Maryland women’s basketball is back in the win column. After pulling away from Ohio State in the fourth quarter, 75-69, the Terrapins are 13-1 as the Big Ten schedule continues to get underway.
And Brenda Frese is one win away from an incredible milestone.
Now in her 20th season of being a head coach at the Division I level, Frese is set to join the ranks of the very few who have had such a level of prolonged success in their careers to accumulate 500 wins.
Her record over the course of her coaching career is up to 499-150 (.769), showing that she’s not only compiled a ton of victories, she’s doing so at an efficient rate.
If she wants to break that milestone in Maryland’s next game, the celebration will have to come on the road. On Tuesday night, the Terrapins will play in Lincoln for a matchup with the Nebraska Cornhuskers. Tipoff is scheduled for 8 p.m. ET and can be seen on BTN Plus.
Nebraska Cornhuskers (7-7, 2-1 Big Ten)
2017-18 record: 21-11 (11-5 Big Ten)
Head coach Amy Williams is in her third season with the Huskers after being named head coach in the spring of 2016. Following a four-year playing career in Lincoln, Williams got her start in coaching very soon after graduating in 1998. After stops with Rogers State and South Dakota, Williams returned to her alma mater and made the NCAA Tournament in just her second season.
Players to know
Sam Haiby, freshman, guard, 5’9, No. 4. Despite coming into a program that retained its five leading scorers, Haiby has made quite the impact to start her collegiate career. She’s come off the bench in every game thus far, but that hasn’t stopped the freshman from pacing the team in scoring through 14 games.

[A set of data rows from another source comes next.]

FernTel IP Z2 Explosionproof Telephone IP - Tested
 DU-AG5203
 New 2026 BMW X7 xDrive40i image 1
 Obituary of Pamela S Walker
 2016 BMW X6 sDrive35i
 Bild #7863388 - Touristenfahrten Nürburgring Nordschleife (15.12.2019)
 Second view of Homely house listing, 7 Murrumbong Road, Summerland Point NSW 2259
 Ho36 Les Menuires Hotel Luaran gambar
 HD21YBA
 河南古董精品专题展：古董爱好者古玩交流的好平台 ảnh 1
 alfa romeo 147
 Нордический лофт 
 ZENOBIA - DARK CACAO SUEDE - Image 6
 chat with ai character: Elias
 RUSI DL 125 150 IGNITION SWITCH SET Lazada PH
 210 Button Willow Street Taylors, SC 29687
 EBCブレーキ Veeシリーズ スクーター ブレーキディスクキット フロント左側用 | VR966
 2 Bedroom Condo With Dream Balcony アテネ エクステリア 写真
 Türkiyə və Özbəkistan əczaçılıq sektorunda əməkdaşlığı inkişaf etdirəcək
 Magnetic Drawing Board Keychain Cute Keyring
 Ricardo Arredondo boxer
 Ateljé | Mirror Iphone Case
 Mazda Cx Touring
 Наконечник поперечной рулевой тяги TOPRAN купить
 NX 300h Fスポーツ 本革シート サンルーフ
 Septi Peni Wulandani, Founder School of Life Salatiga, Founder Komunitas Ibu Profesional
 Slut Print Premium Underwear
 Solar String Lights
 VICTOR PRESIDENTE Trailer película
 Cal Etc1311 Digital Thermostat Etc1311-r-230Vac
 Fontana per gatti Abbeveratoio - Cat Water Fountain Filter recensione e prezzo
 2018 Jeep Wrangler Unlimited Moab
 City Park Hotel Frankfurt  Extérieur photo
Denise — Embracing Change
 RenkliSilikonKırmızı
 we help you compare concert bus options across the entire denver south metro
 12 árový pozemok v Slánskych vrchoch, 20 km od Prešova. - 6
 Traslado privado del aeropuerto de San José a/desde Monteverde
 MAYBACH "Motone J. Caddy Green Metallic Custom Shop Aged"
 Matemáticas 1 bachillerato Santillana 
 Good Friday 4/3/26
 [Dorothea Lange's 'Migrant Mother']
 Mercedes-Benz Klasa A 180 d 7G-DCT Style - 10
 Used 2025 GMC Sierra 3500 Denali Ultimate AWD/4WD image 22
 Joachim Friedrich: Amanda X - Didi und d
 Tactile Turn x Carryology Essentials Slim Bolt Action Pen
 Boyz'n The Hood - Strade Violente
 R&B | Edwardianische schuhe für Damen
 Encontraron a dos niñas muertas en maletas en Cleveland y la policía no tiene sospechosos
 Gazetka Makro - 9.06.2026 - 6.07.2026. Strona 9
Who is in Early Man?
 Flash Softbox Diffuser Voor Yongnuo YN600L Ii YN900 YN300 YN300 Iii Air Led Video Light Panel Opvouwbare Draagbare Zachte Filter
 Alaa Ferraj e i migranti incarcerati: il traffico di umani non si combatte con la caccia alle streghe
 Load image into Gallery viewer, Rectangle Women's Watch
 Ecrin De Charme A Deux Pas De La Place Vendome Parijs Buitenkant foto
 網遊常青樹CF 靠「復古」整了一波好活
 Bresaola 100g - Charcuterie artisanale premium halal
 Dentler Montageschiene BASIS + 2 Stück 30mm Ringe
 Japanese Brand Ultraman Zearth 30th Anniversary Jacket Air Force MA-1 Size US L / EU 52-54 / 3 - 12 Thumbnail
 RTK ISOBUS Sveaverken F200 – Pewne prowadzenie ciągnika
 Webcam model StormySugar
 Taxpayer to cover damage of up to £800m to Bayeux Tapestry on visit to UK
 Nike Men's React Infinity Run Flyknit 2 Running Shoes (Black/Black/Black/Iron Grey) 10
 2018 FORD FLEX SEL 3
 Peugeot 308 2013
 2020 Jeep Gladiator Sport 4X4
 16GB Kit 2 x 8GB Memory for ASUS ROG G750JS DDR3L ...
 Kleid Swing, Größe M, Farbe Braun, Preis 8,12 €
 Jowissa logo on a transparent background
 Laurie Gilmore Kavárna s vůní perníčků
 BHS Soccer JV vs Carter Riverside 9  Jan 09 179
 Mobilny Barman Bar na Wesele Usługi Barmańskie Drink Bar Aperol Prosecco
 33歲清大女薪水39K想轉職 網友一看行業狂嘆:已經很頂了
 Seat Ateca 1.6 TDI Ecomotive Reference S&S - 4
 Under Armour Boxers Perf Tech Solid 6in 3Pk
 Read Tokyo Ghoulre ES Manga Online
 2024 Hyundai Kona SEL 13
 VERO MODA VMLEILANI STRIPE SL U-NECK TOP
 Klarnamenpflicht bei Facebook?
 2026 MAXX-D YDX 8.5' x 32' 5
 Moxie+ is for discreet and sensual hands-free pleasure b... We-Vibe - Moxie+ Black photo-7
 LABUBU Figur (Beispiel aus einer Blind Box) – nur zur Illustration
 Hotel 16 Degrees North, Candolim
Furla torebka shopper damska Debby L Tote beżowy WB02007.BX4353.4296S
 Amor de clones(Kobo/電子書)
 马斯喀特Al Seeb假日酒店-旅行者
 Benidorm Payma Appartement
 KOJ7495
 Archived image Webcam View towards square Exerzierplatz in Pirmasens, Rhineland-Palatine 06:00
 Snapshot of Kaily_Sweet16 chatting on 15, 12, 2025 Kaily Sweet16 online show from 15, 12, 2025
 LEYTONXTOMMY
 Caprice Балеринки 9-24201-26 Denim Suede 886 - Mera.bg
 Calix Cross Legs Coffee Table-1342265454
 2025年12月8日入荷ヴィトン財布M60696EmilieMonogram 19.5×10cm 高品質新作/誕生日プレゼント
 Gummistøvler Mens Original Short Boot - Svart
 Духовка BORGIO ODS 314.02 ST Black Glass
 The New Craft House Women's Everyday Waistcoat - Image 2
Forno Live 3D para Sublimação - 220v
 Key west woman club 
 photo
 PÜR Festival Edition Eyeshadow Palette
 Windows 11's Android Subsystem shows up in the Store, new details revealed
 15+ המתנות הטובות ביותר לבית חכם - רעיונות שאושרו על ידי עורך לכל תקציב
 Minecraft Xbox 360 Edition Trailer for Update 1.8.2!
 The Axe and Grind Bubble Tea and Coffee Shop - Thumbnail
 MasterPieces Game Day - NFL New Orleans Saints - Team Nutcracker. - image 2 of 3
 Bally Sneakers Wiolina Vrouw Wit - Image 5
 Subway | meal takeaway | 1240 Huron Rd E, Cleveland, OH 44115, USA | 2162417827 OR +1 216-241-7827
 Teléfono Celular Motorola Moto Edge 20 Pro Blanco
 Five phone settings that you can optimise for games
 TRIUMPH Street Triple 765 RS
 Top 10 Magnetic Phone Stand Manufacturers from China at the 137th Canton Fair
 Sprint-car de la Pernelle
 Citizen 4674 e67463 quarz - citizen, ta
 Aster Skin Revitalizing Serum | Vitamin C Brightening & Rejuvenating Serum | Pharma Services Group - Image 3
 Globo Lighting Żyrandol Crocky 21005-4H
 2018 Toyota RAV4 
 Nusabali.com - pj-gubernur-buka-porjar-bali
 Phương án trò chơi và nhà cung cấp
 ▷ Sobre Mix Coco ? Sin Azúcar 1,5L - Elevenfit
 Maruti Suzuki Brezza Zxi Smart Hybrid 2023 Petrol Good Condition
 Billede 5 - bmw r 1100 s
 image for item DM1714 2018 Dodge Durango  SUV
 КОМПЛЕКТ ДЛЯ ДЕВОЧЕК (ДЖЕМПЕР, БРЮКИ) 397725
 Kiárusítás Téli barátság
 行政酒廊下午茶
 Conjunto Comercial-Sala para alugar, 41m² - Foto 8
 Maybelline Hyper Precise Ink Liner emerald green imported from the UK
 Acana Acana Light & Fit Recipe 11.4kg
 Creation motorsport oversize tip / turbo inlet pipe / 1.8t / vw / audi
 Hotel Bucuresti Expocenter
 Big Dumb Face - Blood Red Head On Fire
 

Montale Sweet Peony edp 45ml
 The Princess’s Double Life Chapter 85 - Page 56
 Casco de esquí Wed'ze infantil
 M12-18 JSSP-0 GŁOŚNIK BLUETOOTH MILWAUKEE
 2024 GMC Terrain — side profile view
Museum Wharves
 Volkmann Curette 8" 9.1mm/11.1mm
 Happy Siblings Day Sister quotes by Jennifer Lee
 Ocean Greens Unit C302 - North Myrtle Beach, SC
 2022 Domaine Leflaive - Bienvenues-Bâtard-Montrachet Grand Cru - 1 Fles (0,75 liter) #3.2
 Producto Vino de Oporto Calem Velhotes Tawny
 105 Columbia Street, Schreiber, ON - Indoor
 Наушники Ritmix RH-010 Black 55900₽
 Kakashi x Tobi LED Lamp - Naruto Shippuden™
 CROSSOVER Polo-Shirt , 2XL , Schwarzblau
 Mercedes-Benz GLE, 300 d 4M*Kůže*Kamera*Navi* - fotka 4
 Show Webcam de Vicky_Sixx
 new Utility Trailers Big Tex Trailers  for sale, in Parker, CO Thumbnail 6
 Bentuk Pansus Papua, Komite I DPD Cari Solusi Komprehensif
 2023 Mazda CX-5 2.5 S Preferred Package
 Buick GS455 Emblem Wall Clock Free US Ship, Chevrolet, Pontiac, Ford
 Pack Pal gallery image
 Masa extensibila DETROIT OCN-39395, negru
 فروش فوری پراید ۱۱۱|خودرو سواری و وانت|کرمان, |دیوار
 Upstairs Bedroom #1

In 22.6 minutes per game, Haiby has averaged 10.7 points and 2.8 assists, first and second on the team, respectively.
Leigha Brown, freshman, forward, 6’1, No. 32. Like Haiby, not only is Brown in her first year with Nebraska, she also hasn’t received a single start yet this season. Nevertheless, her contributions to the team have been invaluable coming off the bench. In only 17.6 minutes per game, Brown has averaged 10.4 points, second on the team, while shooting the ball from the field at a 44 percent clip.
Depth. So far this season, the Huskers haven’t had too many standout players. Instead, the offense has been an ensemble act, and contributions have come in from all over the court and bench. Eight players have averaged at least 17.5 minutes and 7.8 points, and on any given night a single player could break out and take over the game.
Defense. Nebraska is a relatively young team, currently led by a pair of freshman. And as is often the case with younger squads, defense could be tough in the early stages of the season. That’s been the case thus far, as the Huskers allow 70.4 points per game to opponents, second worst in the Big Ten and 290th in the nation out of 349 Division I teams.
Three things to watch
1. Can Maryland get back on track? The Terrapins have won two of their past three games, so the sky isn’t falling just yet. But as conference play has started, Maryland has not looked the part of a top-five team. In fact, they’ve looked average at best over the past two weeks. This is a good chance to get back on track, but then again, so was Saturday’s home game against the Buckeyes.
2. What’s wrong with Shakira Austin? After four Big Ten Freshman of the Week awards through the first half-dozen weeks of the season, it seemed as though Maryland women’s basketball had the new face of its program. And while we’ll reserve judgement on a freshman for a three-game stretch, it hasn’t been good as of late. Over the past two weeks, Austin has averaged 3.0 points and 8.0 rebounds in just 16.3 minutes per outing.
3. Who steps up for Nebraska? As mentioned previously, the Huskers have eight players scoring often. And while that formula bodes well over the course of the season, to knock off a top team like Maryland, someone is going to have to step up in a big way to lead the Huskers to victory. That could be Haiby or Brown or anyone, and we’ll have to see who shoulders the weight in a big spot.